• **Required work**:
Using the entries that follow, write out the line containing "Smoking chimneys at", the line containing "Woman in White", and every line between them, exactly and nothing else.

• **Data shown**:
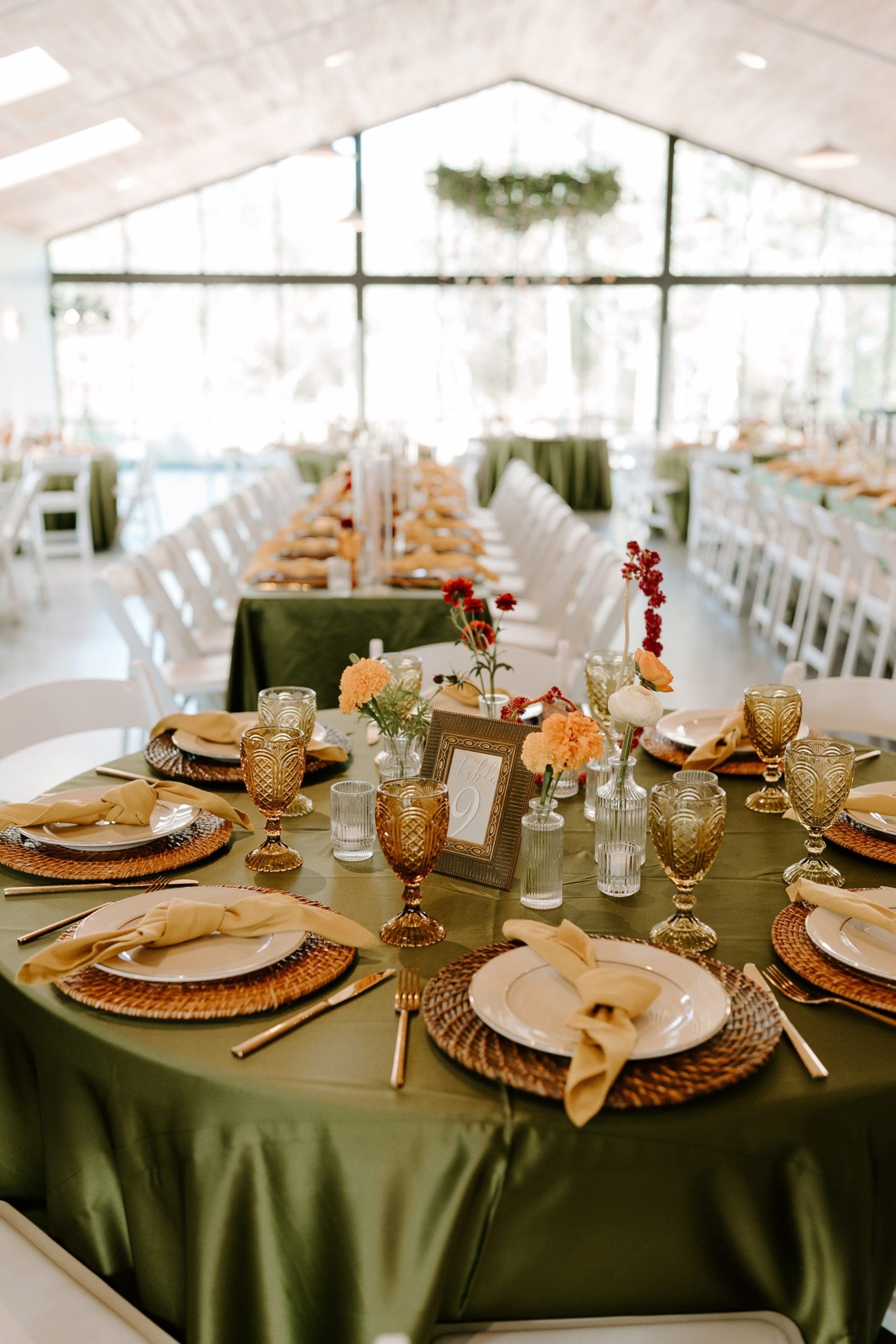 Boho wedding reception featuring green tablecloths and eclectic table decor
--
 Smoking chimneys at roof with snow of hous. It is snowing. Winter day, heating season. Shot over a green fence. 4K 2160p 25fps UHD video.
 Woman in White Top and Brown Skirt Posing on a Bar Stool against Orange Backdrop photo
==
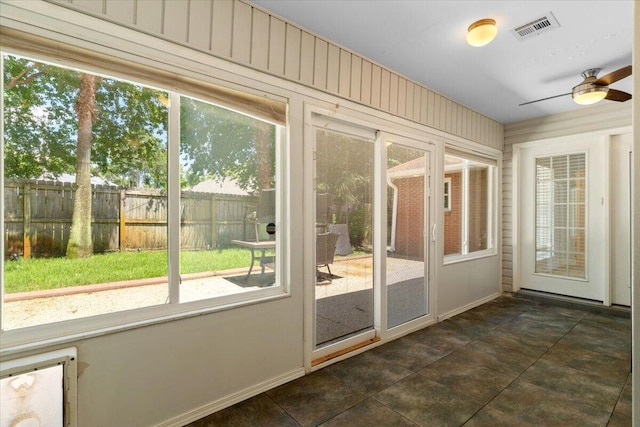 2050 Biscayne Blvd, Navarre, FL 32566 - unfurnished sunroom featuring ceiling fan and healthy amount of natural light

• **Completed exercise**:
 Smoking chimneys at roof with snow of hous. It is snowing. Winter day, heating season. Shot over a green fence. 4K 2160p 25fps UHD video.
 Woman in White Top and Brown Skirt Posing on a Bar Stool against Orange Backdrop photo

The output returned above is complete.